- _EXERCISE BRIEF_
Although the data holds pictures, return only the lines from the one containing "- Lisa Germany" to the end, exactly, and without them.

Items from a data source

[Start of section]

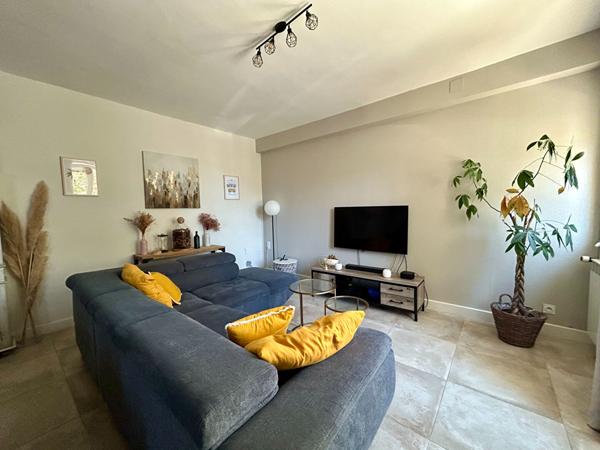 MAISON DE VILLE 3 CHAMBRES COUR ET GARAGE A CARCASSONNE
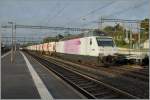 Die BLS Re 465 017-2 (UIC N° 91 85 4 465 017-2 CH-BLS)  Pink Panter  mit einem Güterzug nach Vufflens le Château wartet in Morges eine Überholung ab.
15. Okt. 2014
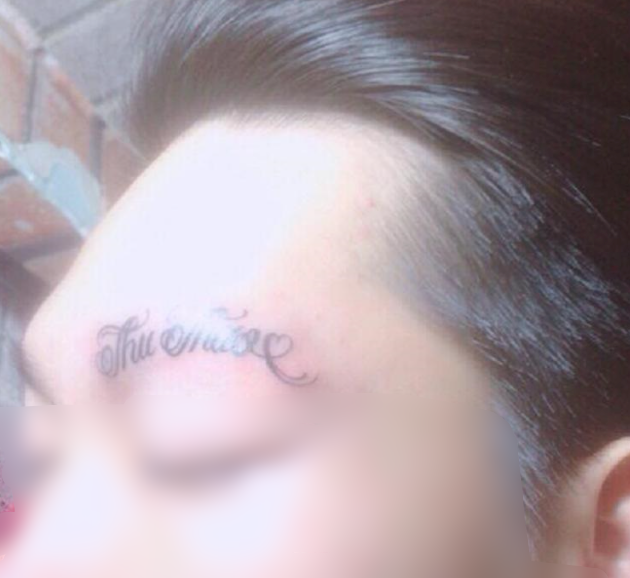 Thay vì xăm đè lên lông mày, chàng trai này lại quyết định cạo hết sạch rồi mới xăm tên lên để lấp vào chỗ trống đó. Hình xăm ở vị trí độc đáo này đã nhanh chóng gây chú ý trên MXH.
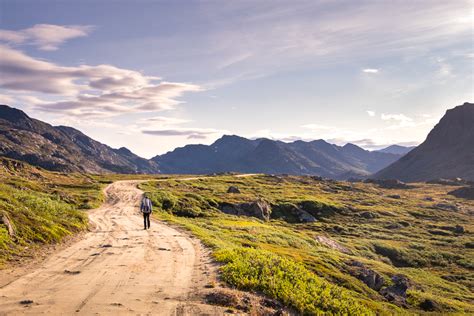 Hiking Greenland - Sisimiut's UFO Hut - Lisa Germany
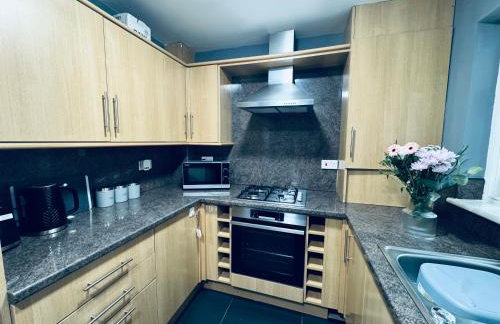 Queens Townhouse - 4 Bedrooms - Sleeps 9 - Foto 16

[End of section]

- _RESULT FOR THIS EXERCISE_
 Hiking Greenland - Sisimiut's UFO Hut - Lisa Germany
 Queens Townhouse - 4 Bedrooms - Sleeps 9 - Foto 16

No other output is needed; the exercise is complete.